Task to complete =>
The material below is to be copied exactly from the line with "UDIXI 30mm Prism" up to and including the line with "4 x 6 Notepads thumbnail-6", with nothing else kept and no pictures.
== Data supplied ==
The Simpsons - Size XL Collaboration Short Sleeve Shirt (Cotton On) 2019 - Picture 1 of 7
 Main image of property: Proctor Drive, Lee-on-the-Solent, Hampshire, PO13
===
== Data supplied ==
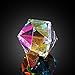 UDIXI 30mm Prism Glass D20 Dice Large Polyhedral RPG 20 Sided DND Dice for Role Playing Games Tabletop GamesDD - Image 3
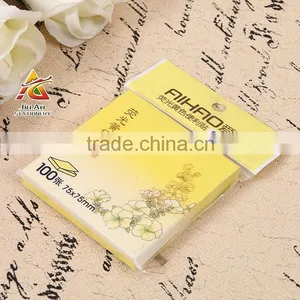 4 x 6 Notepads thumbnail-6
===
== Data supplied ==
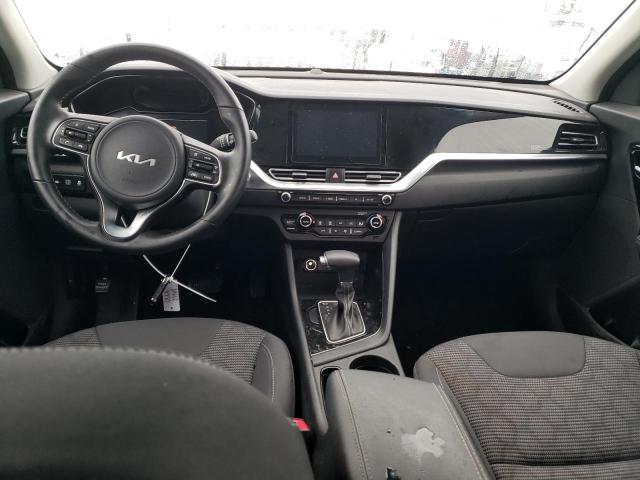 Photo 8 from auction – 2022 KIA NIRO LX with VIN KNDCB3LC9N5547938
===
Reply =>
 UDIXI 30mm Prism Glass D20 Dice Large Polyhedral RPG 20 Sided DND Dice for Role Playing Games Tabletop GamesDD - Image 3
 4 x 6 Notepads thumbnail-6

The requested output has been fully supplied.